As a teenager who has just finished school, I don’t yet pay tax, rent, or utility bills, nor do I have a regular income. But I am acutely aware that the country I am growing up in is deteriorating day by day. Our ineffective and dishonest Labour government is rapidly running the United Kingdom into the ground. And yet, I have no say in it—I can’t even vote. I am legally permitted to learn to drive and even raise a family—responsibilities far greater than placing a cross on a ballot paper. I will be able to vote in a couple of years, but like many others, I fear that by then it may no longer matter.

In 2024 people voted for change. The Tories, after their 14-year tenure, had run out of steam. On 4 July 2024, Keir Starmer’s Labour Party was elected to government. They promised to support working people, pensioners, children and the poor. The economy was going to ‘boom’, NHS waiting lists were going to come down, the level of illegal immigration was going to be cut, and public spending was going to be effective. Their words, not mine.

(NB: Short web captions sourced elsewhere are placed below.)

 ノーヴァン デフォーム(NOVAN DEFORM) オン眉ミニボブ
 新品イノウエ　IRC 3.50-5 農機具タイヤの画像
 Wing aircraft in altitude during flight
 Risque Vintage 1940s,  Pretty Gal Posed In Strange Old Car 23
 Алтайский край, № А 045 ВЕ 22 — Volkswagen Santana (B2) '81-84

They had a reasonably good first few months in office. But after a year the country is now in a worse state than when they took over. Inflation has risen by 3.4% and prices are rising (a bar of chocolate is at its highest price ever), despite their aim of keeping it below 2%. Taxes are going to soar with the new budget set out by Rachel (Thieving) Reeves, £13 billion is going overseas to countries, many of which squander it.

The absurd Chagos Island giveaway is going to cost £101 million a year to lease them back. Inevitably, the British people are feeling the pinch. Very little of their money is being invested in the country. In my own hometown Hull, for example, there is abundant run-down infrastructure and potholes in the roads.

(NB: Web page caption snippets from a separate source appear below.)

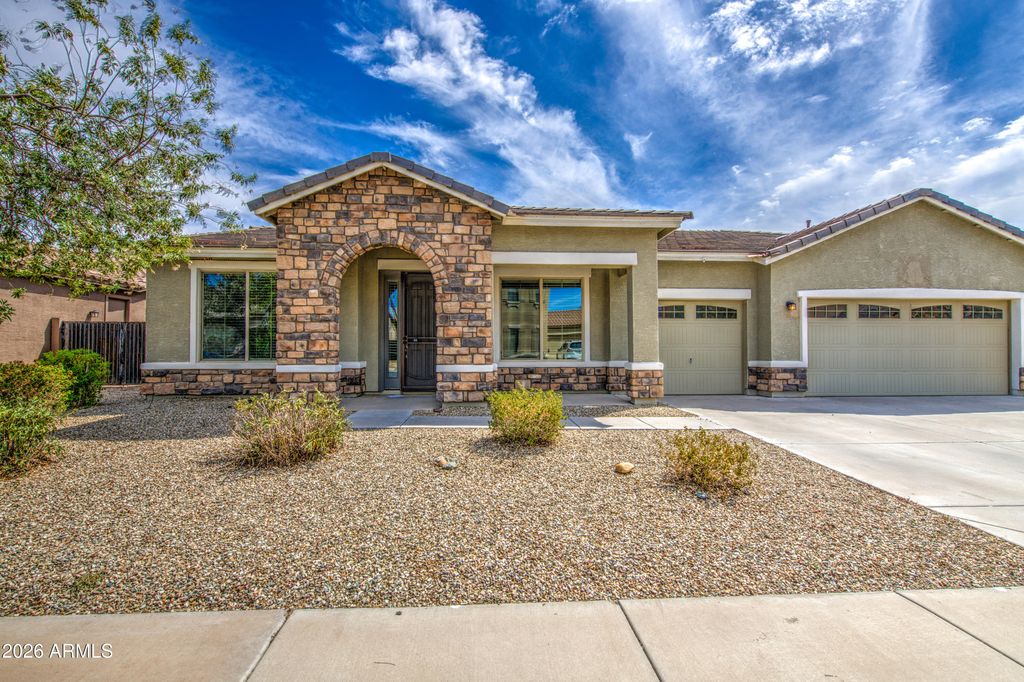 16205 W COCOPAH Street, Goodyear, AZ 85338 — photo 2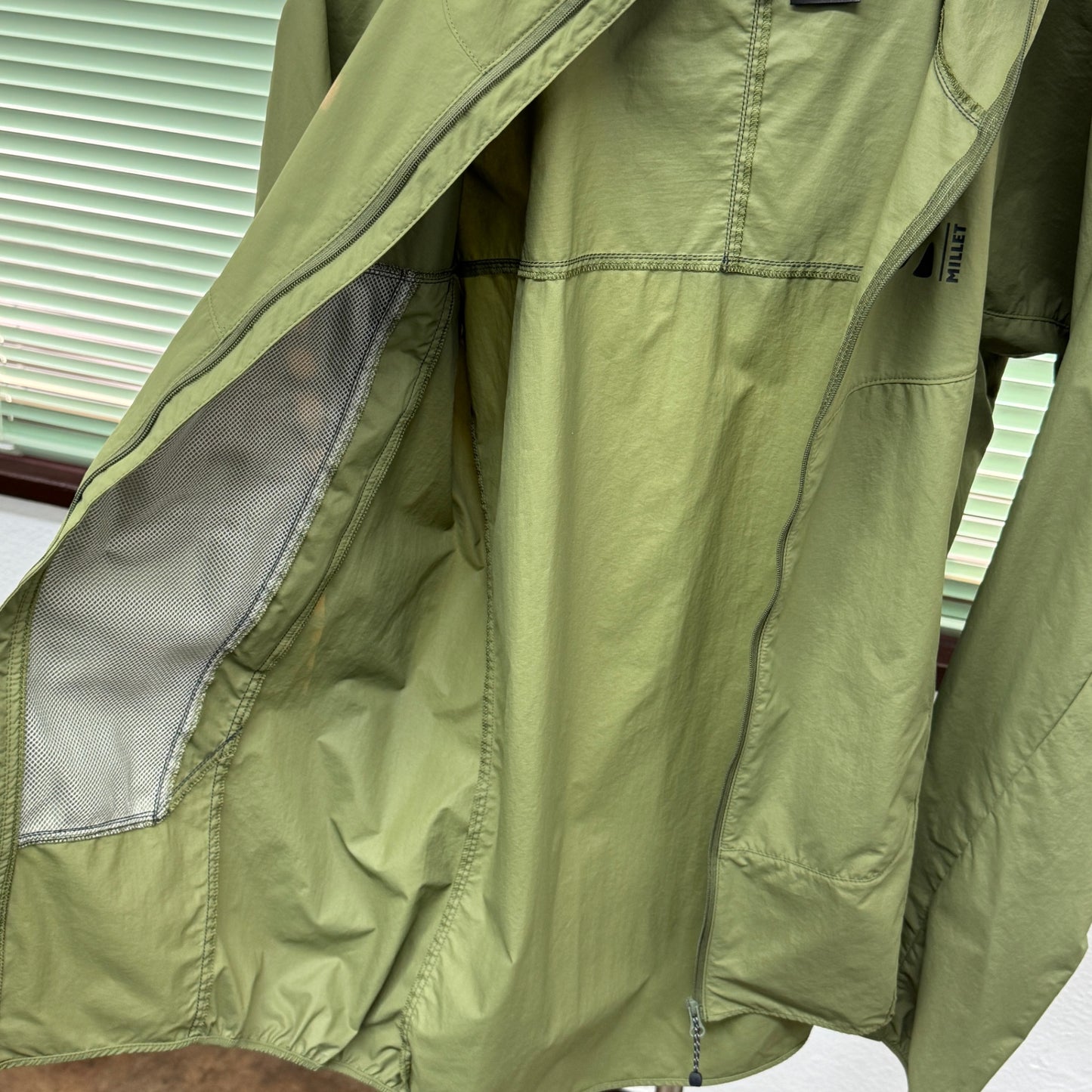 美品 MILLET ミレー MIV01929 Breathebarrier Wilder LT ジャケット カーキ サイズ:S 【C5745】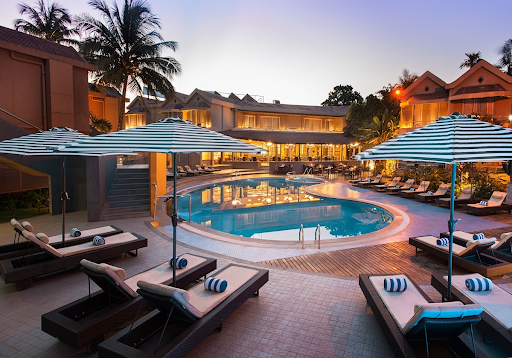 WHISPERING PALMS BEACH RESORT GOA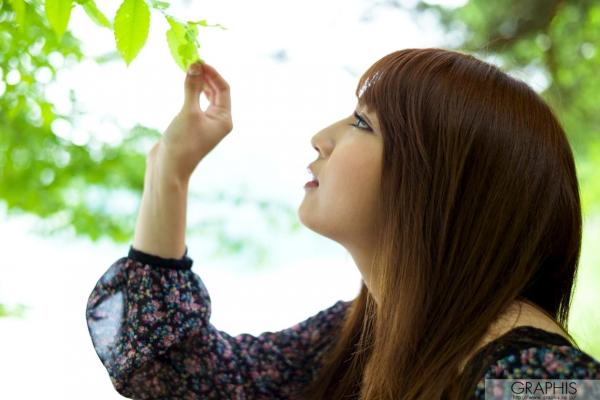 神咲詩織 神咲诗织  Graphis_神咲诗织《My Venus》写真集：私房慵懒诱惑与户外自然风情，碎花裙搭配丝袜展现迷人魅力第6张图片
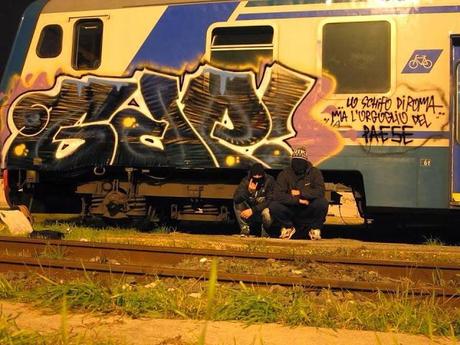 Gente De Paese la crew che ha massacrato Roma di milioni di euro di danni. In mezz'ora volendo si identificano tutti e si assicurano alla giustizia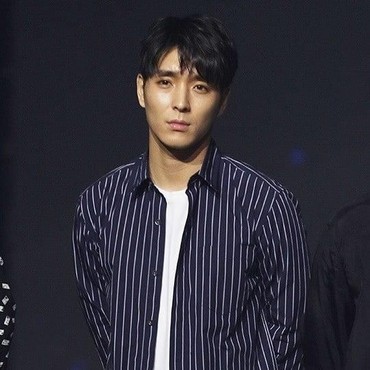 Susul Seungri, Choi Jong Hoon Putuskan Pensiun Jadi Idol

The NHS continues to deteriorate. In their manifesto, Labour planned to provide the country with an extra 40,000 operations, cancer scans and appointments—an estimated two million a year— with the return of the family doctor, by introducing more weekend services, employing more staff, investing more money and involving the private sector, which all could reduce waiting lists. We are still waiting. As of early 2025, the NHS waiting list has reached 6.2 million patients. Over 3.1 million people have waited more than 18 weeks for treatment, and nearly 250,000 have been waiting over a year. This is above the pre-COVID level.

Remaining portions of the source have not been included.